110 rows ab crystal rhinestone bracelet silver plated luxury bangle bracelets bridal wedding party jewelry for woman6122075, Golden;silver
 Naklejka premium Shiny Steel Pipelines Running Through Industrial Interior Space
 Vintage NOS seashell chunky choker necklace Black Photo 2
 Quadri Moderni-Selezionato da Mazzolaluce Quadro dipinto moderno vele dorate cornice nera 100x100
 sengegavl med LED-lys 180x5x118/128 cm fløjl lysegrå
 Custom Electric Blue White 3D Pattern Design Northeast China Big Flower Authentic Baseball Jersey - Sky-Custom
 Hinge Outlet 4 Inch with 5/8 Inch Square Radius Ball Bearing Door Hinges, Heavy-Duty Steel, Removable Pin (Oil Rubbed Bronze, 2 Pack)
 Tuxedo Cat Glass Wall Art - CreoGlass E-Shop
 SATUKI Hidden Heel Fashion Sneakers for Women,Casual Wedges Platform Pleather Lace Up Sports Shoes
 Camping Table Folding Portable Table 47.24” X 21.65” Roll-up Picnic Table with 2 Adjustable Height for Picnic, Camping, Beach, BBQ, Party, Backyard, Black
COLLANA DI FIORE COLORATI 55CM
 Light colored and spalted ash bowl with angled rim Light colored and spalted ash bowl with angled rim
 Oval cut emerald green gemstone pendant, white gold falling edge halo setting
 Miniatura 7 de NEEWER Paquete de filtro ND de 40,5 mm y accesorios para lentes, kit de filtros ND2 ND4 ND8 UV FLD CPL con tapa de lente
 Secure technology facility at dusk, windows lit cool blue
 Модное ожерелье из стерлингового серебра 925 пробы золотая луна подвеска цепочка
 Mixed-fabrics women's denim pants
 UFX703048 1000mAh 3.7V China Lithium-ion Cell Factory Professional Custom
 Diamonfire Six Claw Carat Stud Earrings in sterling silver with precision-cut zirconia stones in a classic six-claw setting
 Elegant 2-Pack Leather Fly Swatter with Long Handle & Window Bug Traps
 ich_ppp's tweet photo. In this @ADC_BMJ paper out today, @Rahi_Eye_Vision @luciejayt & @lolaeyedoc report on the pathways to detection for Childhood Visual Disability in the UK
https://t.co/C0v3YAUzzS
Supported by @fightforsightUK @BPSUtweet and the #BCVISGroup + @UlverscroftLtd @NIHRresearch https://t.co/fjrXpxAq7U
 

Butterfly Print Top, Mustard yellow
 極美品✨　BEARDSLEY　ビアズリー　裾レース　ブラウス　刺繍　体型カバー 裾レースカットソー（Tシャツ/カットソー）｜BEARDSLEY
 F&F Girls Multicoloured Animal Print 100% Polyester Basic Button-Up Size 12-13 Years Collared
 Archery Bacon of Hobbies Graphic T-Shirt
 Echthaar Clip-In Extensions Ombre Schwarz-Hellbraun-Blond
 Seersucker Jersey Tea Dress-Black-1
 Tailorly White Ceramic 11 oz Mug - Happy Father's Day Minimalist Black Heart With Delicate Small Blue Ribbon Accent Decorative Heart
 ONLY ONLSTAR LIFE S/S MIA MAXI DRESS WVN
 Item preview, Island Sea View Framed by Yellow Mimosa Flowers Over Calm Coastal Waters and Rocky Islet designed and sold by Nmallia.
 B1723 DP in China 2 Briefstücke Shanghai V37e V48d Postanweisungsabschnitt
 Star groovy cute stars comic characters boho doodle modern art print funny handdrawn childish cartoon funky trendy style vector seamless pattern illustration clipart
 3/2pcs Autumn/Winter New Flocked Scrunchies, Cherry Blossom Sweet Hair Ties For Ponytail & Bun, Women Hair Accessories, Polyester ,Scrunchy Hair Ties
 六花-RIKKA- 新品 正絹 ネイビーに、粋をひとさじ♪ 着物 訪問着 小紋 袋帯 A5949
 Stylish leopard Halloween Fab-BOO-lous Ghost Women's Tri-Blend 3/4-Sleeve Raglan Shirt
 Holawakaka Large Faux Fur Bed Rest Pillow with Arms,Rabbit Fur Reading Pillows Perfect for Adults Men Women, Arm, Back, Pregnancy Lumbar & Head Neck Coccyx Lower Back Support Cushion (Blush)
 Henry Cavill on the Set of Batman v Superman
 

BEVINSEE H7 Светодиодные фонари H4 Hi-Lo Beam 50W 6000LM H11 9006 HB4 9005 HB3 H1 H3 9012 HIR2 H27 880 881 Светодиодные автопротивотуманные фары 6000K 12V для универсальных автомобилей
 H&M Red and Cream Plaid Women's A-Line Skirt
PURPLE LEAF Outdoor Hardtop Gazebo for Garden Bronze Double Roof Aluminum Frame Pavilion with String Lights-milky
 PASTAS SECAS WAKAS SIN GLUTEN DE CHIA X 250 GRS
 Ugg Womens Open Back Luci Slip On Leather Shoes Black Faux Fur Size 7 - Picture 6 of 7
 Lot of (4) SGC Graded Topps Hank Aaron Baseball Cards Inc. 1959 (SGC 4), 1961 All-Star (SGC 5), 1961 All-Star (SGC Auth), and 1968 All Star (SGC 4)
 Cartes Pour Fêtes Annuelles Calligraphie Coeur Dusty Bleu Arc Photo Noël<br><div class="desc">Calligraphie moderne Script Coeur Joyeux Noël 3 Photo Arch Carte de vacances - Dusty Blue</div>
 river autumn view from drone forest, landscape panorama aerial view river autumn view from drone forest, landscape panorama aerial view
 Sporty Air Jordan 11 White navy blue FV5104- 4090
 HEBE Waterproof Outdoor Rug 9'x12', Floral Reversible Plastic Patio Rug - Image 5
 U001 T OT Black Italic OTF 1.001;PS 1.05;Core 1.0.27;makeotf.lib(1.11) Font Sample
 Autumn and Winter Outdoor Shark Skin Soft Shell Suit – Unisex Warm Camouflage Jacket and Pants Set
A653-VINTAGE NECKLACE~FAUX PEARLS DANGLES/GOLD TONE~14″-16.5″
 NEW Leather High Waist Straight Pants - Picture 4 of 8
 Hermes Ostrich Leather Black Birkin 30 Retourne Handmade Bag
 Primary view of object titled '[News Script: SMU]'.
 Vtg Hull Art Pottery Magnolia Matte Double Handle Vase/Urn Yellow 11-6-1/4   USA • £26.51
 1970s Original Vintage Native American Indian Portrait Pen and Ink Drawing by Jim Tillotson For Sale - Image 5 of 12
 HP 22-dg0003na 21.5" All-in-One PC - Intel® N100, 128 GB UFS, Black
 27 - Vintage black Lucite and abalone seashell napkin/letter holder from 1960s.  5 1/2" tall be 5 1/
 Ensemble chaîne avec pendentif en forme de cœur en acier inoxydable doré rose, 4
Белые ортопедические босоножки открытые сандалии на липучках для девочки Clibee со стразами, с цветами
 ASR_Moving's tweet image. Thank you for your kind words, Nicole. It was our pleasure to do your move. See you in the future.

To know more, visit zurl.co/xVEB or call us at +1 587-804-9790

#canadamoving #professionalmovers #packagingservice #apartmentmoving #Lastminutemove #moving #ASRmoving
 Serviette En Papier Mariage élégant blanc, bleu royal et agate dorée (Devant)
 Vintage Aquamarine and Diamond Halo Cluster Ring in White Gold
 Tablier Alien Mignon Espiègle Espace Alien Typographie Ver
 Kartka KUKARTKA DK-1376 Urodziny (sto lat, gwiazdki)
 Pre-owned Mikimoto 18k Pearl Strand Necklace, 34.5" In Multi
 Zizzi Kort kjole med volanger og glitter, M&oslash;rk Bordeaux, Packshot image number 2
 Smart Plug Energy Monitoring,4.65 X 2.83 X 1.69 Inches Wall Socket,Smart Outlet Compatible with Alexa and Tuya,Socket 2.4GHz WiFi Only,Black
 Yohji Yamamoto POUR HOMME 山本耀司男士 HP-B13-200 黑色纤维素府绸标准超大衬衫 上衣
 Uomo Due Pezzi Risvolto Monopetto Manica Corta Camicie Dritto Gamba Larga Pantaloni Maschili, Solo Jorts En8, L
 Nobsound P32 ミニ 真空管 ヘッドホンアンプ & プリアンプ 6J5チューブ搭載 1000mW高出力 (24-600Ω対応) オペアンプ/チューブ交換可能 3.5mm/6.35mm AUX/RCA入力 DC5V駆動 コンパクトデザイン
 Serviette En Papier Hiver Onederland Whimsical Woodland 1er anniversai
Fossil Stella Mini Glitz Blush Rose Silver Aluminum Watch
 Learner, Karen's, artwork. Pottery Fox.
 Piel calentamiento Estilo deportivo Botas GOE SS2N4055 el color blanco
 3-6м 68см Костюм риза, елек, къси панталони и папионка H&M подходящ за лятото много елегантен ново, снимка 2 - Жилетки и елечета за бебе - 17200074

——————————

• EXERCISE BRIEF: In the material above, find every line with the word "Wall" and show it.

• EXERCISE RESPONSE:
 Tuxedo Cat Glass Wall Art - CreoGlass E-Shop
 Smart Plug Energy Monitoring,4.65 X 2.83 X 1.69 Inches Wall Socket,Smart Outlet Compatible with Alexa and Tuya,Socket 2.4GHz WiFi Only,Black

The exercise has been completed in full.